Wednesday, April 20, 2011

Commission Sales Debate

The bosses of this new business met with us to discuss an arrangement to earn commission on sales. I was very excited that this was going to be offered, since I’m not comfortable with outside sales, I was glad to have a reward and incentive for extending myself in this capacity. Afterall, it is a small business, so we all need to be involved in sales.

But the structure of the arrangement was very disappointing. Handing someone a business card does not constitute earning a commissionable sale. Any leads resulting from the signage on my personal vehicle do not constitute commissionable sales. Since my job description requires me to promote our products online, those sales are uncommissionable. Prospecting must be done on our own time and any orders that we collect while on the customer site will be paid out at 10% commission. They will not pay commission on any sale under $100.00. If they assign us to prospect during a business networking event, we may collect our regular wages, plus 2% commission on a qualified sale. Also, each of us would be responsible for tracking our own commissionable sales, by documenting and justifying how we earned each sale.

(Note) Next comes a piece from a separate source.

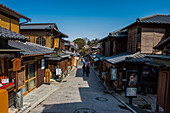 Street scene in the Old quarter, Kyoto, Honshu, Japan, Asia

The root problem is, they want to create an incentive without actually having to pay out commission. Who is going to walk into a place of business and stay until they complete a sale? Prospecting is more casual than that. If I do any prospecting, I’m going to simply hand the customer a business card, tell them a sentence or two about what we do, and suggest that they contact us when our services are needed. According to these rules, any resulting sale would not be commissionable.

Sadly, the entire policy was created after this incident: I over-heard the bosses lamenting that they would not be able to attend the Home & Garden Show due to another obligation. I assumed that it was a business networking opportunity, and decided to take the inititative (they are always preaching about how they encourage their employees to take the initiative), sacrifice my weekend to attend and network. I passed out 50 business cards to prime members of our target market, and returned with several solid leads. When I asked how to record my time, I was told that I would not be paid for the time spent prospecting, since the owners had not requested that I do so. They were thrilled that I took the initiative and was so successful, and they hoped that I might earn enough in commission off of the sales to compensate for the time spent. The problem with that is I can’t use work time to work the leads or my commission rate will drop from 10% to 2% and I have no free time to spend outside of work for this. Not much of an incentive, huh?

After the new commission policies were explained, the other employee remarked that she would be happy to have 2% of a sale now and then and would view it merely as a little bonus. I pointed out to her that their objective of offering commission was to incite us to do more than we usually would do, to generate real, substantial sales--which view neither of us had adopted. And even if I could somehow achieve a “qualified sale,” I certainly have no intention of having to argue why I should be paid out commission on each sale.